PROMPT:
Retype all of the listing exactly, passing over any picture you find.

MATERIAL PROVIDED:

· · · · ·

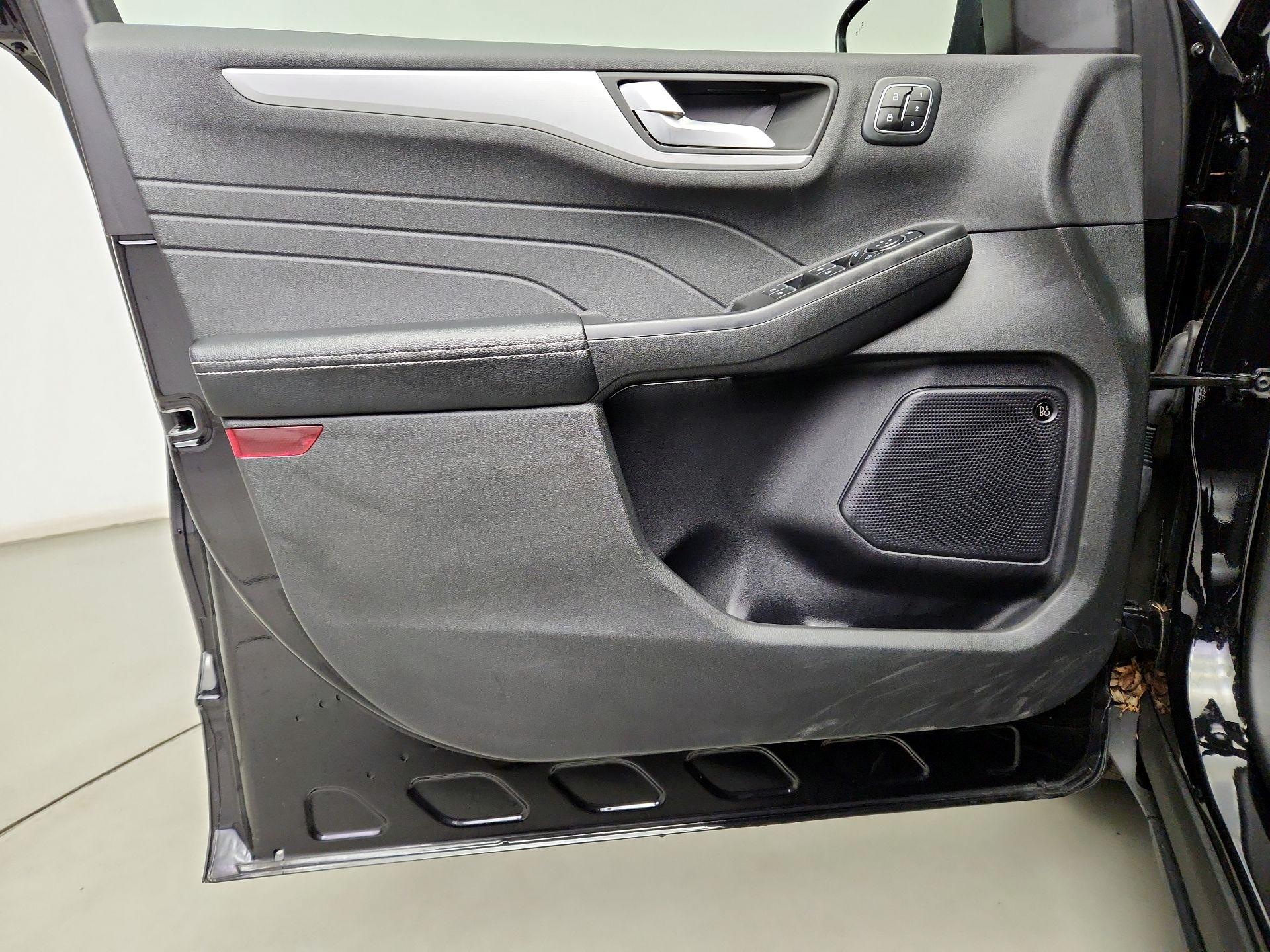 Thumbnail: 2023 Ford Escape - 12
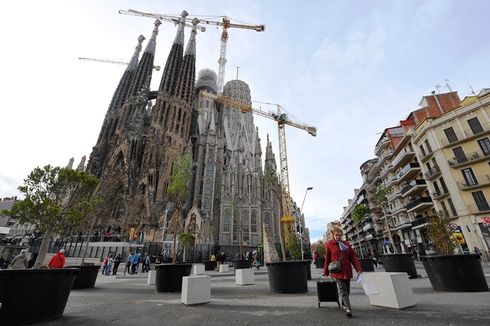 Setelah 130 Tahun, Katedral Ternama Barcelona Akhirnya Bayar Biaya IMB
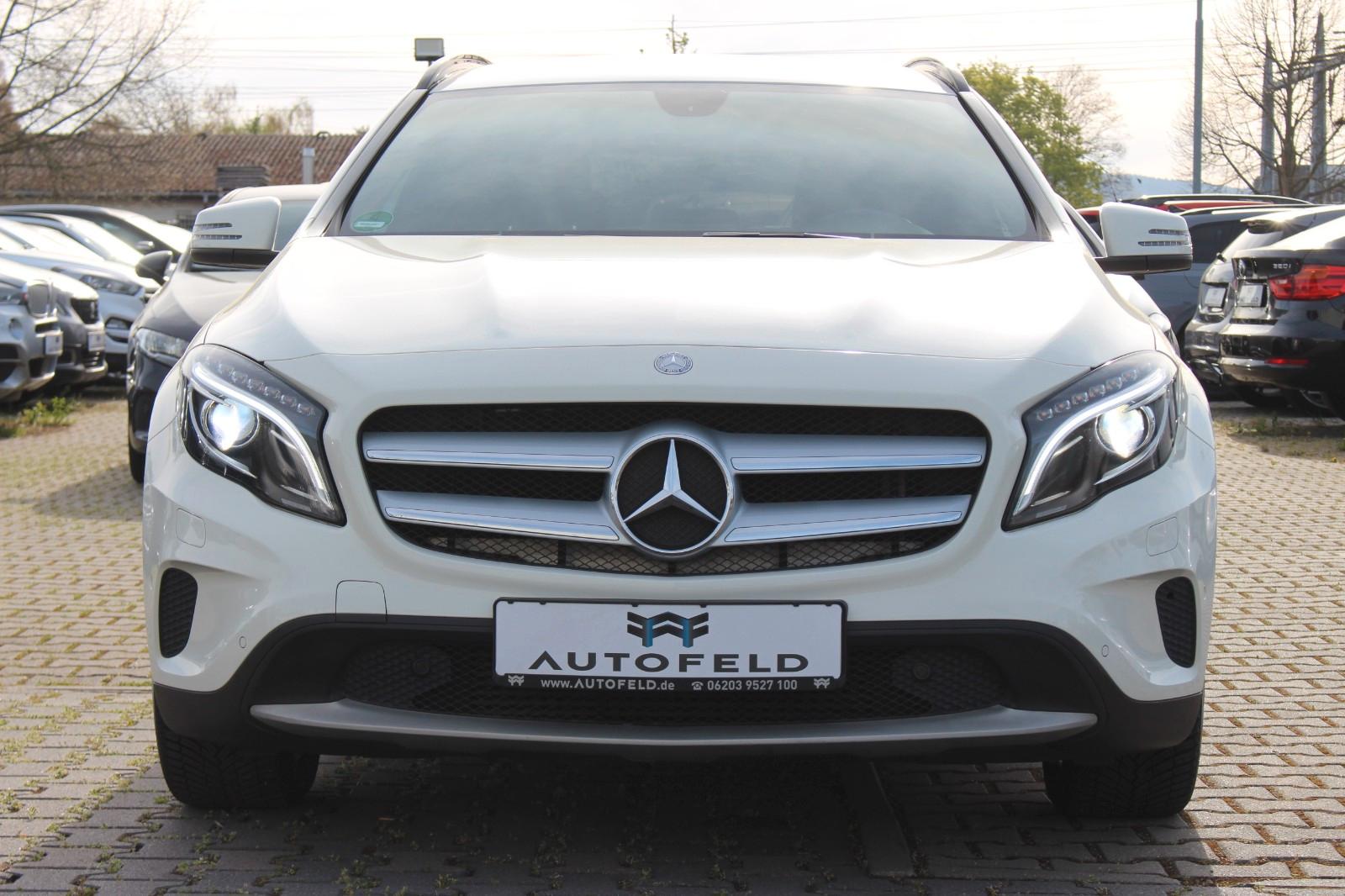 Mercedes-Benz GLA 220 CDI Style/VOLL SHEFT/BI XENON/TEILLEDER/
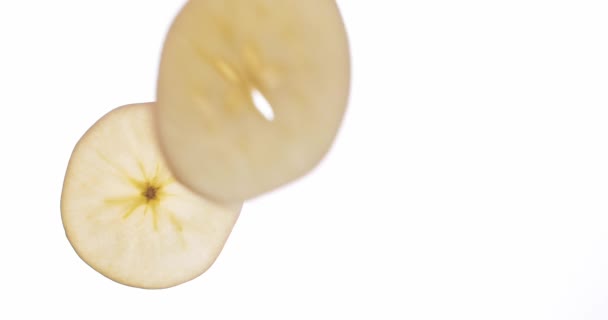 Natürliche geschnittene runde Äpfel fallen auf weißem Hintergrund, Food Snack Design-Konzept — Stockvideo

· · · · ·

OUTPUT OF THE TASK:
 Thumbnail: 2023 Ford Escape - 12
 Setelah 130 Tahun, Katedral Ternama Barcelona Akhirnya Bayar Biaya IMB
 Mercedes-Benz GLA 220 CDI Style/VOLL SHEFT/BI XENON/TEILLEDER/
 Natürliche geschnittene runde Äpfel fallen auf weißem Hintergrund, Food Snack Design-Konzept — Stockvideo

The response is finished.